Action research, the way to go!

Today, all primary school teachers, who are diploma holders and below the age of 45, are given a chance to become degree holders. By the droves, they register at the various institutions that offer 'recognised' degree courses. With their friends, they attend classes and do assignments. Of course, there is a lot of plagiarism. They are expected to know better, being teachers, but what happens is that they are in the company of friends. They have to excel, they have deadlines to meet, they have stressful and time-consuming jobs at school and they need to graduate with their peers when the time comes. So the easiest and fastest way to get their work done is to 'plagiarise' in one form or another.

In the first place, most of these teachers do not have the calibre to be graduates. They may have the years of teaching experience but when they were accepted for the diploma courses in education, it was because they were not eligible for degree courses. How is it that now, after a few years, they are eligible? Does teaching experience alone qualify one to be more eligible to become a graduate?

Instead of generalising and making all teachers graduates, it would be more beneficial for the teachers (and their students) if they were sent for training to improve their individual basic skills, to improve their teaching methodology, to change their mindset, to make them more creative so that these skills could be passed down to their students over the years. With all their existing pressures as teachers, simply undertaking an academic course and making them graduates will not benefit the children that they are teaching.

What would be more practical would be to get existing teachers to carry out action research in the classroom so that their concept of education, their attitude of service and their sense of creativity will be developed and nurtured. A teacher working under the guise of a degree-holder will not change the world. His personal sense of self-improvement needs to be revamped so that he will be able to move mountains!

Action-research would help the teachers to reflect on their own teaching methods with the group of students that they have. Through continuous reflection, supervision and discussion with others teaching a similar subject or the same calibre of students, the time the teacher spends in the classroom can be of greater quality.

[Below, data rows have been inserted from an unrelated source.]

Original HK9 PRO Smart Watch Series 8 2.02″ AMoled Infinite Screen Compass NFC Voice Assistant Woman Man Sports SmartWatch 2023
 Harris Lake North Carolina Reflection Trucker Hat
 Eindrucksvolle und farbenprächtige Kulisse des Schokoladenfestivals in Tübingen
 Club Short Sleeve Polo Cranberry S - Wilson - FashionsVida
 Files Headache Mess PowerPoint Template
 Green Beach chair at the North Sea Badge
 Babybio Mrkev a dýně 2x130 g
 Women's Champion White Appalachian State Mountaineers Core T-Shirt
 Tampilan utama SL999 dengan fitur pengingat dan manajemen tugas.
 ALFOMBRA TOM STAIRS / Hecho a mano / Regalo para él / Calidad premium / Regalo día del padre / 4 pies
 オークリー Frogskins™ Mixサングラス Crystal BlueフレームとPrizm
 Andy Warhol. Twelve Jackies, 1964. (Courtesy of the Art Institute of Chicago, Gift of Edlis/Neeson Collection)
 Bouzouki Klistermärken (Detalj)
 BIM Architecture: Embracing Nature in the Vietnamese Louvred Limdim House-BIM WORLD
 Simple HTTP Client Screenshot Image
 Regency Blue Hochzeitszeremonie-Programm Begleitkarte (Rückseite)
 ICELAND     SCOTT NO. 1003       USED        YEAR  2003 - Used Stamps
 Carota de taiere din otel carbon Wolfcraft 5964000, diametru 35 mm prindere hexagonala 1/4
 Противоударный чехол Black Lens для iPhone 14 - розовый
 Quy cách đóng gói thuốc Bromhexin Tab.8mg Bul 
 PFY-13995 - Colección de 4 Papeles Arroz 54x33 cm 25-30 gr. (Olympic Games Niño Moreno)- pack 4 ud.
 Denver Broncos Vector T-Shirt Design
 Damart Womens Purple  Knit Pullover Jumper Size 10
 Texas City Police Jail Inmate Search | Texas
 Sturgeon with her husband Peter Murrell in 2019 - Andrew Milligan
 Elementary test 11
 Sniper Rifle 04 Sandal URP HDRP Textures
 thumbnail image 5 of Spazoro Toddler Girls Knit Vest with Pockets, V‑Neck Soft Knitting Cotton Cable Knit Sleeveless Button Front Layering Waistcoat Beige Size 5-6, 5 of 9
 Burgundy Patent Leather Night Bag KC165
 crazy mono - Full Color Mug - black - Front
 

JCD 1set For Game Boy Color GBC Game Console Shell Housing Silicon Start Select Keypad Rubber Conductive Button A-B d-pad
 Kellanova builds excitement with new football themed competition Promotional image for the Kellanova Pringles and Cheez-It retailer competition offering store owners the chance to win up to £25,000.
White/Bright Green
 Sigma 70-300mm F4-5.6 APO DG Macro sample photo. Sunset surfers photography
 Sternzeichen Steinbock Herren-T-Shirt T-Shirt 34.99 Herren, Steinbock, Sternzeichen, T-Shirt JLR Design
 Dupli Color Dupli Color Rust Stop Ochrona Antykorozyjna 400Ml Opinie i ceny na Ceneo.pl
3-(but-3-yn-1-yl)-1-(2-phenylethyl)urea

This is what the Ministry of Education in the Malaysian government should be advocating. At present, it envisions that by merely allowing all teachers in the profession to become graduates it will improve the image of the teaching profession. However, the teachers are wearing themselves out by trying to fulfil the demands of the course they are undertaking and carrying out their teaching tasks while the stakeholders, namely the students, will continue to be the victims of the education system. In the long run, no one will benefit!